Leave the pictures out and print, word for word, the lines below from the one with "Spigen LD220 pelės dėklas, juodas" through the final line.

(Image-text web data)
☆ ☆ ☆ ☆ ☆ ☆ ☆

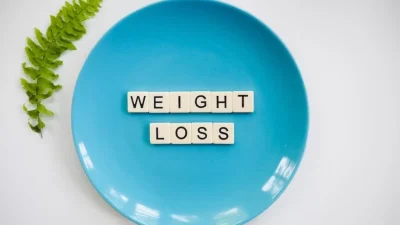 Θα δείτε διαφορά μέσα σε 48 ώρες αν κάνετε αυτήν την δίαιτα - Δεν θα στερηθείτε ούτε τις πατάτες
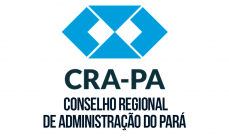CRA PA - Conselho Regional de Administração do Pará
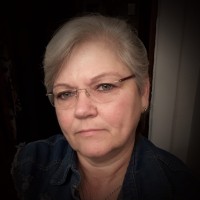 Tracy Smith Email & Phone Number
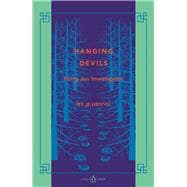 Hanging Devils 9780734399571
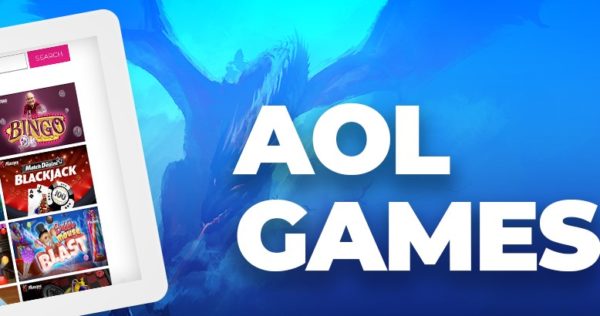 Aol Games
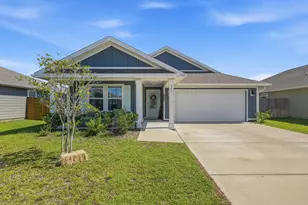 266 Boggy Crk Wy, Panama City, FL 32404 - Photo 1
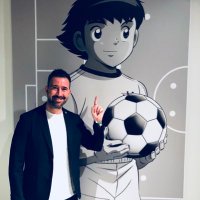 Octavi Anoro (@anoro_san) 's Twitter Profile Photo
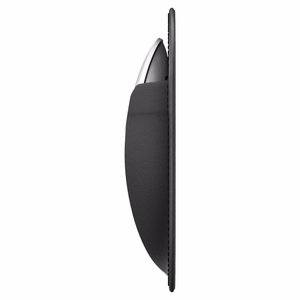 Spigen LD220 pelės dėklas, juodas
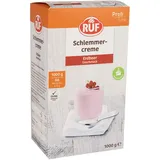 Ruf Schlemmercreme Erdbeer 1 kg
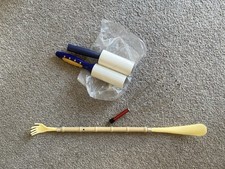 back scratcher for sale back scratcher for sale WHITSTABLE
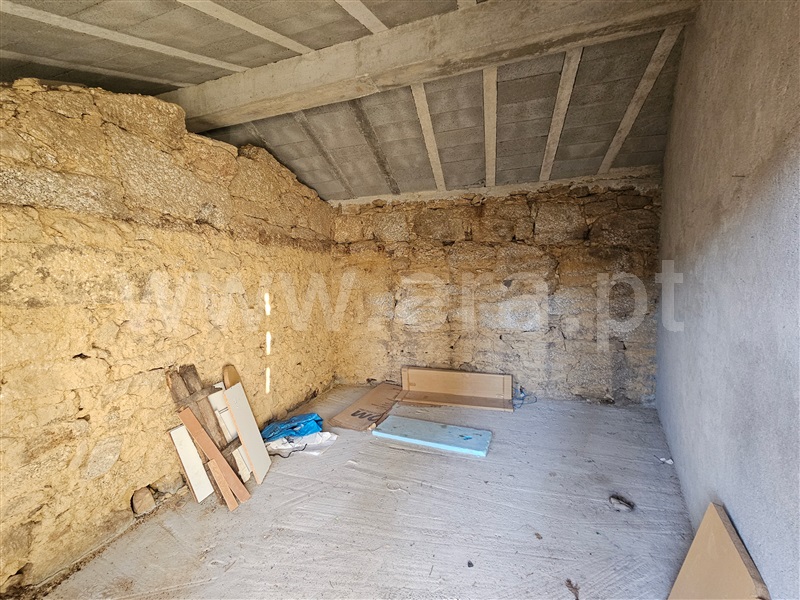 Moradia T3 à venda em Casal de Cinza, Guarda — foto 16
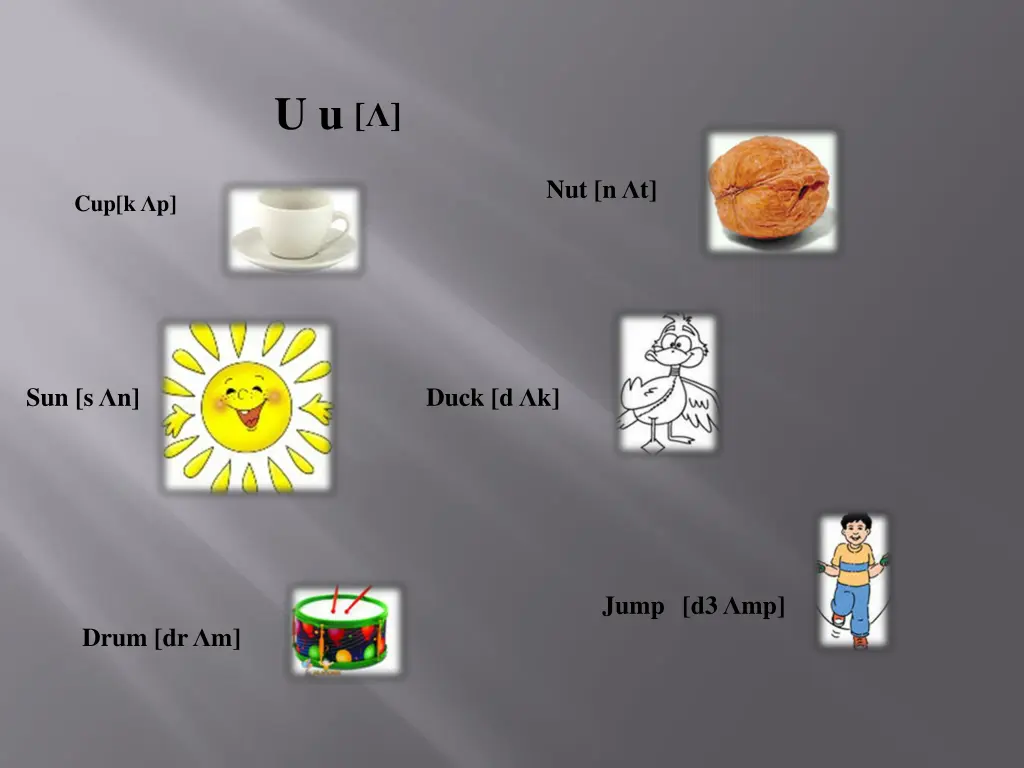 slide17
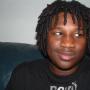 Charles Ervin Photo 10
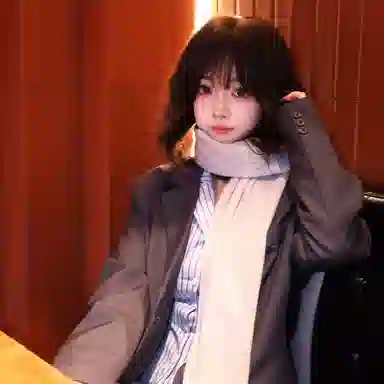 30 100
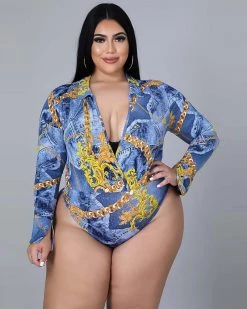 Divanewlook New In Million Dollar Hottie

☆ ☆ ☆ ☆ ☆ ☆ ☆

- **Answer**:
 Spigen LD220 pelės dėklas, juodas
 Ruf Schlemmercreme Erdbeer 1 kg
 back scratcher for sale back scratcher for sale WHITSTABLE
 Moradia T3 à venda em Casal de Cinza, Guarda — foto 16
 slide17
 Charles Ervin Photo 10
 30 100
 Divanewlook New In Million Dollar Hottie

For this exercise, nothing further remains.